Mucho tiempo después, hace alrededor de 10.000 años, los humanos fueron capaces de producir sistemáticamente alimentos, merced a la invención de la agricultura y de la ganadería. Por primera vez en la historia, se produjeron más alimentos de los necesarios y fue posible acumular los excedentes. Nacieron entonces las sociedades complejas y con ellas los primeros administradores del bien común, que pasaron a ocupar una posición destacada y a gozar de honores y privilegios. La riqueza se distribuyó de manera dispar y surgieron las castas y clases sociales. Y también apareció entonces una nueva actividad que continúa floreciente en nuestros días: el tráfico de carne humana para el trabajo, la guerra y el sexo.

Más allá de los extraordinarios cambios que han acontecido a lo largo de la historia de la Humanidad, hay algo que no ha cambiado en todo ese tiempo: no hay nada que nos podamos llevar de este mundo pero es mucho lo que podemos dejar en él. No somos otra cosa que eslabones de una larguísima cadena. Hemos recibido todo lo que tenemos de los que vivieron antes de nosotros y nuestra misión es transmitir ese patrimonio, incrementado, a los que vienen detrás. No somos los dueños de la Tierra, sino que la recibimos de nuestros padres y la tenemos en usufructo para pasársela a nuestros hijos. Como los componentes de un equipo de relevos, tenemos la misión de llevar el testigo de nuestros padres hasta nuestros hijos. La deuda de gratitud que hemos contraído con nuestros Mayores debe ser pagada, con intereses, con los siguientes.

Es el conocimiento acumulado durante cientos de generaciones el testigo que pasamos de una generación a otra. Asegurarse de que esa transmisión se realice de la mejor manera posible se encuentra entre las más graves responsabilidades de cada generación. El conocimiento no es patrimonio de unos pocos y debemos asegurarnos que llegue a todos, porque es el mejor instrumento para asegurar la igualdad y la libertad de las personas. Por ello, conseguir y garantizar la mejor educación pública posible debe estar entre las primeras preocupaciones de los administradores del bien común.
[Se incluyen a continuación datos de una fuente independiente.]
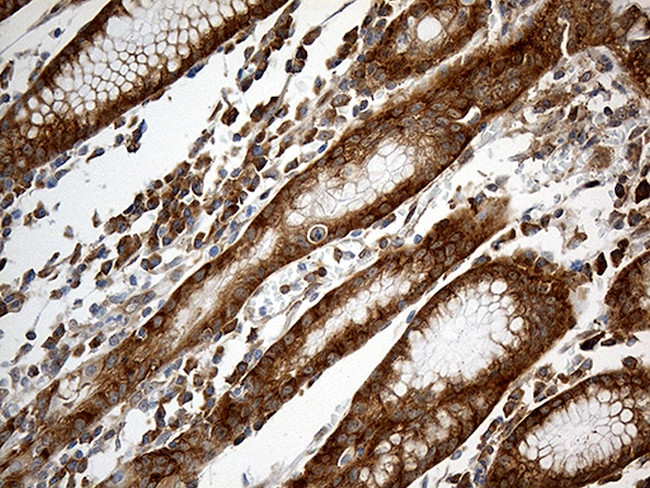 IL34 Antibody in Immunohistochemistry (Paraffin) (IHC (P))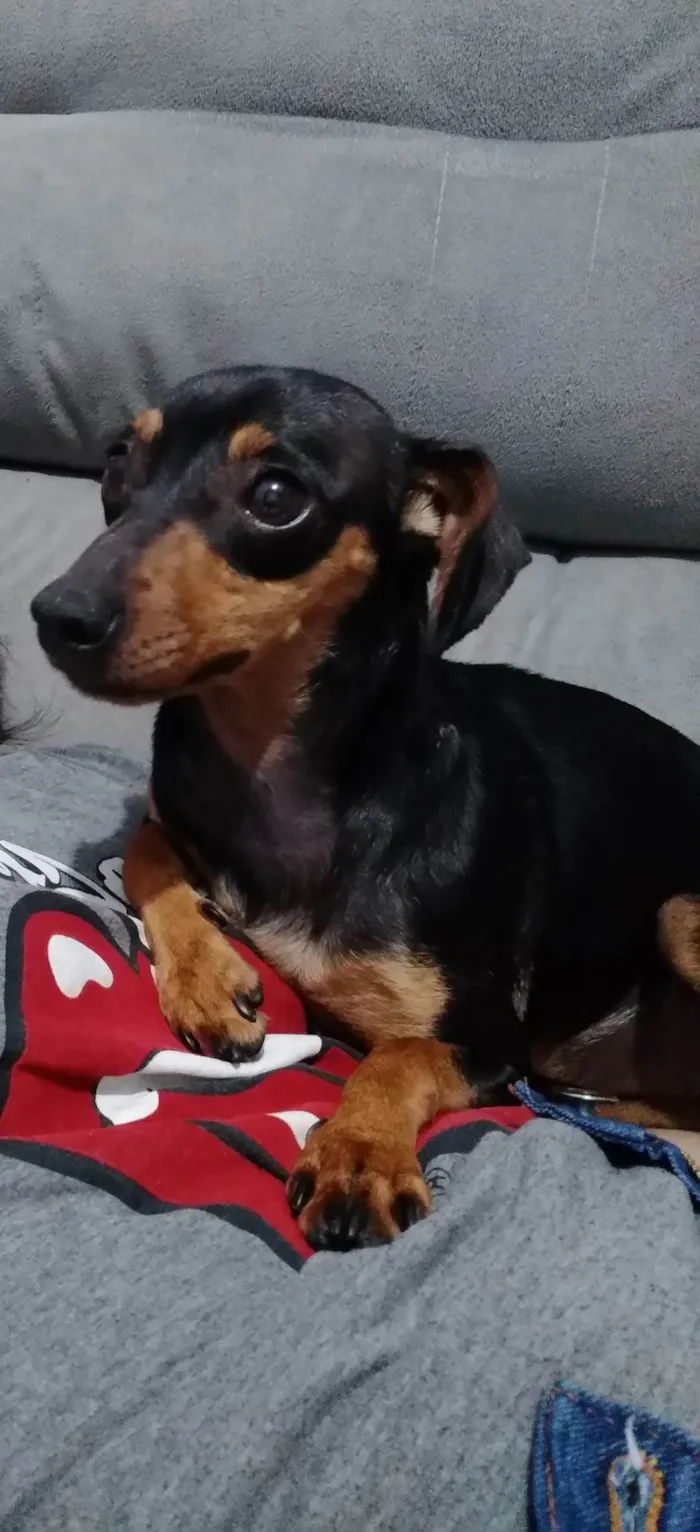 Cachorro ra a SRD-ViraLata idade 5 anos nome Pepsi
Siempre he sentido un gran respeto por las personas que llevan sobre sus hombros la importantísima tarea de dirigir la enseñanza pública y pensaba que les resultaría muy difícil conciliar el sueño si cada noche no estaban convencidos de haber hecho todo lo posible para asegurar que la mejor educación posible esté al alcance de todos. Pero últimamente, a la vista del maltrato que la enseñanza pública está recibiendo de sus principales responsables, empiezo a pensar que quizá no tengan el sueño tan ligero como yo pensaba.

De lo que no me cabe ninguna duda es de la dedicación y la profesionalidad de mis compañeras y compañeros docentes de todos los niveles, cuyo esfuerzo y vocación están constituyendo el parapeto que defiende a esa anciana y hermosa dama que llamamos Enseñanza. Para ellos y ellas, con mi respeto y admiración, un beso y un abrazo.